Algerian-born singer-songwriter Souad Massi has spent decades thinking about the world and the position of the vulnerable within it. Her new album Sequana is no exception. On the opening track “Dessin-Moi Un Pays”, she asks the listener not only to imagine but to join her in sketching out a country that could work for everyone, a country with “no corrupt rulers and no evil wars”. The utopianism is tempered with realism: “Draw me a land that no artist has drawn.” 

Reflecting on the song now, in a conversation over Zoom that slips between English and fast-paced, impassioned French, she remembers being prompted by the fall of Kabul to think about the need for a place “where we can share the beauty of life, where we can express ourselves. We have to fight to keep this dream, to be un citoyen activiste.”

Massi knows the perils of activism. Born and raised in Algeria, she had to leave the country more than 20 years ago when her outspokenness and her singing with heavy-metal band Atakor attracted death threats. She has lived in Paris ever since.

Souad Massi plays acoustic guitar on stage, backed by a male musician on bass guitar
Algerian-born singer-songwriter Souad Massi on stage © Gamma-Rapho / Getty Images

“I’m not a political person”, she says, rather disingenuously (when we first spoke in 2003, we spent as much time talking about the Iraq war as we did about music). “But like Dylan, like Víctor Jara, like Joan Baez, we have to use our arms to wake up our people. Singing gives me a [sixth] sense for my life. It’s like an arm. I can defend myself with my music and with my lyrics. It’s my space.”

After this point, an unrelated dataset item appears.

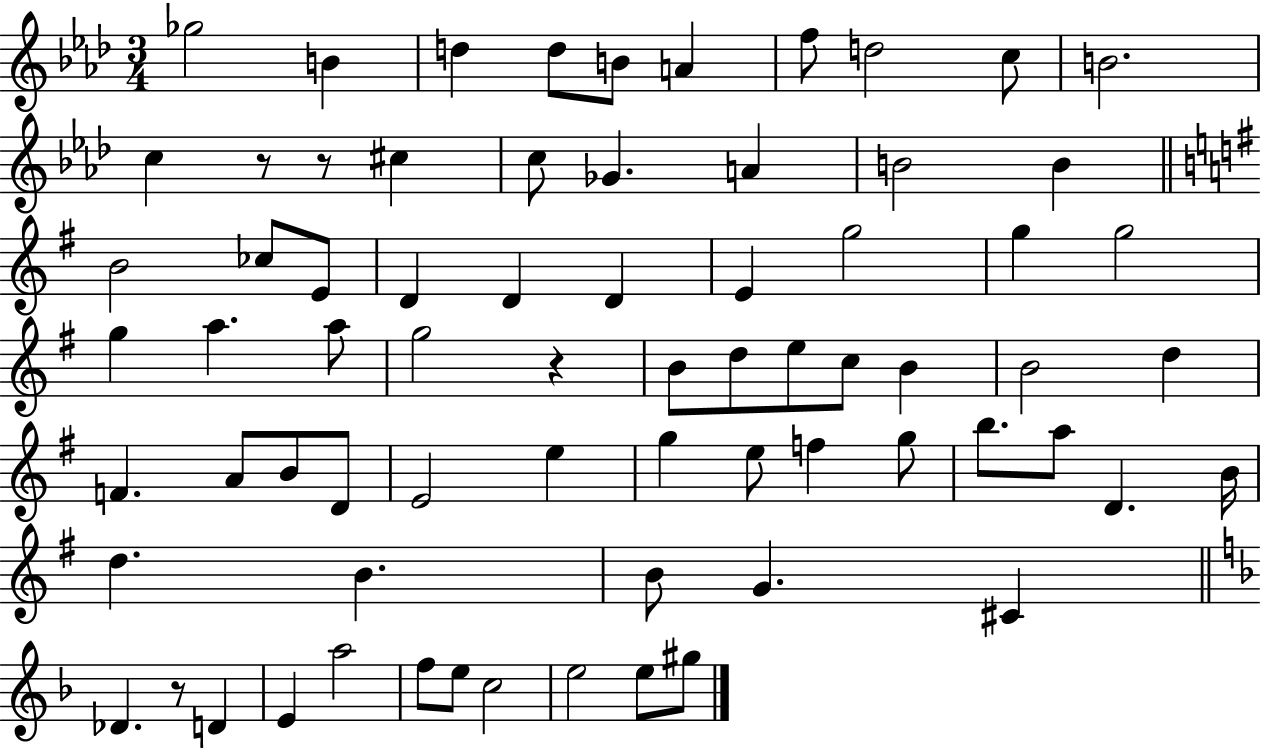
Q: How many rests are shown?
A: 4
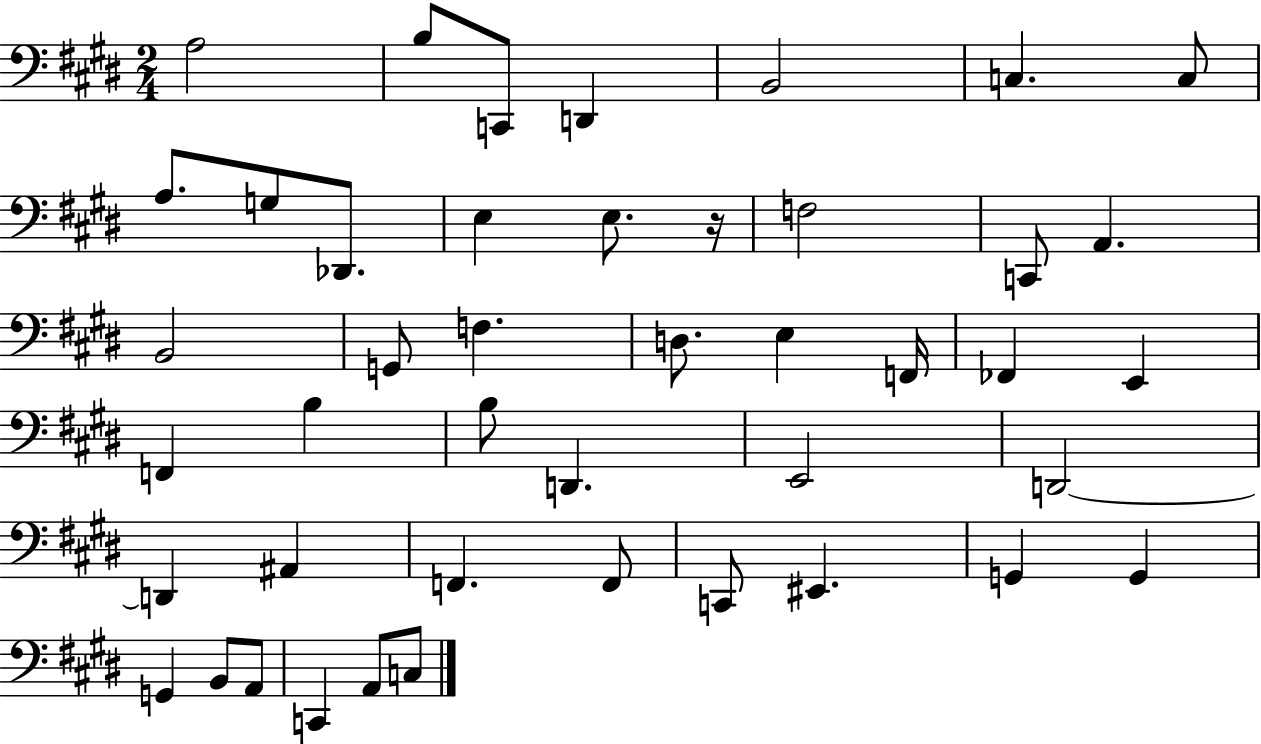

For Sequana, she enlisted Justin Adams as producer. “I had heard what he did with Tinariwen, Rachid Taha and Robert Plant. He’s a big musician. And a very nice guy. I needed him for my album to be like a big brother who has more experience than me musically. He helped me to be free and confident.”

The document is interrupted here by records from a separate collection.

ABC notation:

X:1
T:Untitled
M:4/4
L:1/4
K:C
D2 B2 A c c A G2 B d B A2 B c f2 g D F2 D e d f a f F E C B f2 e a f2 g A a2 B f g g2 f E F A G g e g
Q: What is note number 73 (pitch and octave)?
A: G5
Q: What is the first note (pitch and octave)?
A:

Adams, for his part, was happy to play that role. “Paris is full of superb players”, he says — an old punk’s ambivalence about the word “superb” clear from the tone of his voice. “Souad had a very clear idea of what the album should be, and I tried to preserve her own personality and who she is and how she speaks. Sometimes my job was just to sit back and say: ‘Souad wants it like this’.” He expresses respect for her as “the progressive face of Algerian culture”, and an acknowledged role model for younger women musicians from north Africa.

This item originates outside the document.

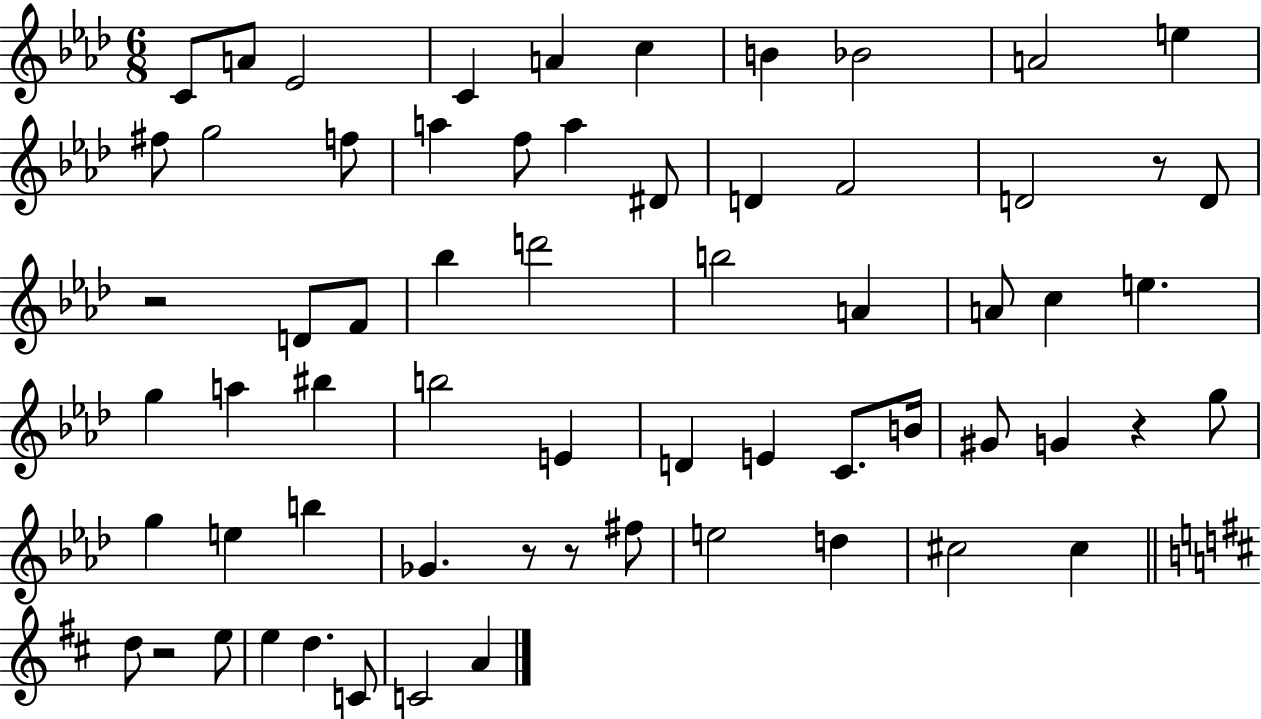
C4/e A4/e Eb4/h C4/q A4/q C5/q B4/q Bb4/h A4/h E5/q F#5/e G5/h F5/e A5/q F5/e A5/q D#4/e D4/q F4/h D4/h R/e D4/e R/h D4/e F4/e Bb5/q D6/h B5/h A4/q A4/e C5/q E5/q. G5/q A5/q BIS5/q B5/h E4/q D4/q E4/q C4/e. B4/s G#4/e G4/q R/q G5/e G5/q E5/q B5/q Gb4/q. R/e R/e F#5/e E5/h D5/q C#5/h C#5/q D5/e R/h E5/e E5/q D5/q. C4/e C4/h A4/q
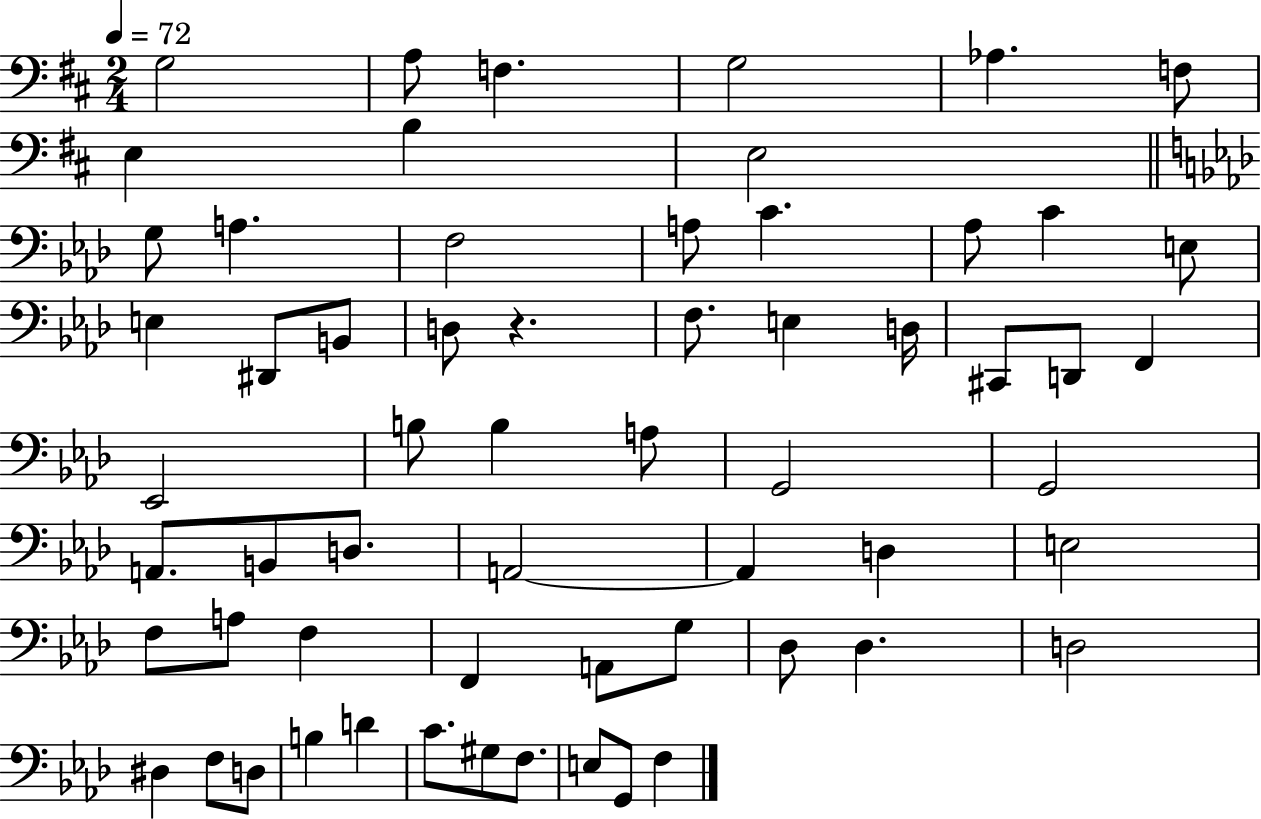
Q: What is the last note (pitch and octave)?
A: F3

That progressive outlook is clear on one of the highlights of the album and its only cover, an Arabic translation of Nine Inch Nails’s “Hurt”. Massi and Adams bonded over a love of country music, with the banjo also prominent in north African chaabi, and a shared emphasis on storytelling. She discovered “Hurt” in Johnny Cash’s version by accident while on a listening excursion into her touchstones Dylan and Cohen.

“When I listened the first time to this song with the voice of Johnny Cash, it really touched me,” she says. “The lyrics are beautiful and really deep. I asked myself: am I strong enough to sing a song like that as an Arabic woman? It’s not easy to make ourselves [metaphorically] nude, to say I’m going to hurt myself. I wanted to say this but hadn’t the courage or inspiration to say it.”

The Arabic words came easily to her, she says, “because I understand the song. I went to my studio, took the pen and just wrote so naturally.” The recorded version starts quiet and builds amid an ominous rumble of frame drums, like a Sufi ceremony.

Another singer-songwriter referenced here is Víctor Jara, murdered half a century ago by the Chilean military, who first smashed the fingers with which he had played the guitar, and then riddled him with bullets. “I wanted to pay tribute to Víctor because of his fight for freedom. I wanted to give him a little homage because he was a real artist and gave his life for us, for freedom, for integrity.”

A black and white photograph from the early 1970s of a long-haired Chilean activist and singer-songwriter Víctor Jara wearing a white shirt
Chilean poet, activist and singer-songwriter Víctor Jara, who was viciously tortured and murdered in 1973 by members of Pinochet’s military © AP

The narrative stretches wider into a tribute to “all artists, everyone who has a voice — all the intellectuals, all journalists, saying I have confidence in them” and a demand “to refuse all totalitarian regimes, like in Chile [under Pinochet], the Maghreb, the Middle East, Africa.”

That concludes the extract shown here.